All young people in Nashville now
can learn, play and work together
Photo: AP/Josh Anderson
To commemorate Black History month, parents can sit down with their teens and really discuss all of the privileges and opportunities that our millenials take for granted. Surely, we don't want to dwell on the negativity of Nashville's segregated era; but it is also important to remember that life used to be different for teens in the 1950's, to know how far we have come, and understand a clear pathway for the future.
Life for teens in Nashville in the 1950's was similar to the 21st century in the sense that teens then had some of the same aspirations, dreams, and goals as today. Teens wanted to grow up healthy, make their parents proud of them, and many wanted to continue thier education beyond high school, to become a specialist, a doctor, a math teacher, or an engineer. Although there were young women in Nashville who went on to college, many preferred to get married and began raising a family. One key difference in teens of today and those of 1950s was public life. Legal separation of the races (and that meant Asian, Latino, and African Americans) was the rule of the day. This separation or segregation was on the law books and enforceable by local authorities. If a person crossed the line, he or she would be arrested, could stand trial, and be sent to jail. Legal segregation included public buses, stores, amusements, entertainment, and public parks, as well as education, most Black teens had to travel many miles from home for attendance at one of two schools designated for people of color.
Many of our teens have heard this history, but in our fast-paced technological world, they may find it hard to grasp the social and emotional impact without concrete examples (i.e. instant gratification). One website, Nashville Memories, lists many examples of fun places that white teens could go regularly for fun, a date, or to exercise. They were downtown retailers who had special offerings for young people, such as Harvey's which boasted live monkeys running through the store, cinemas that also had soda fountains, and many skating rinks, public parks, and swimming pools. Now ask your teen to imagine not being able to enjoy any of the fun, except on certain days, called Colored Only Days. And in the case of the swimming pools, you could see other teens swim, but if you were of color, you were legally unable to join in. How would your teen have been affected? How do you think they would have felt?

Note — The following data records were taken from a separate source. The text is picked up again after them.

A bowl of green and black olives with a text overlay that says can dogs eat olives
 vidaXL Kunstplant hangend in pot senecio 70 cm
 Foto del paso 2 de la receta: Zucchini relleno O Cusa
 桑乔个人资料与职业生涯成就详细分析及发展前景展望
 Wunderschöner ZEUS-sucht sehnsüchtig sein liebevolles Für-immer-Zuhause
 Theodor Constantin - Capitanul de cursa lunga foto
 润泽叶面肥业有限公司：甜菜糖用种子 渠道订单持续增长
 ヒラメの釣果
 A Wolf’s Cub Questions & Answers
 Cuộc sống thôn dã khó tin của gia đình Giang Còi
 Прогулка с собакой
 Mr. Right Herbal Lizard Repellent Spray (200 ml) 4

It is important, however, not to leave your teen with this dismal picture of American life. One of the unrelenting bright spots about Americans and about Nashvillians is our ability to dream, invent, and experiment. Have your teen imagine what they would have done if they were an adult in the 1950s faced with legal segregation and how they would have brought it to an end. Have them also think about the present and the current issues that impact an equal education for all in Metro Nashville Public Schools. Let them know that their voices matters and they do have a right to let the school board and the Superintendent know how they feel through letters or emails. Most importantly, have your teen dream of the Nashville of the future. What will it be like for their children and grandchildren? How will life have improved and what would they like to see done differently? Remember along with attorneys like Mr. Z. Alexander Looby, Nashville's public places and schools were desegregated by youth, college students and little girls and boys as young as six years old in elementary schools such as Bailey, Fehr, Hattie Cotton, and Jones. If those young people changed our city with a made-up mind and vey little resources, the possibilities for change with our contemporary teens are endless.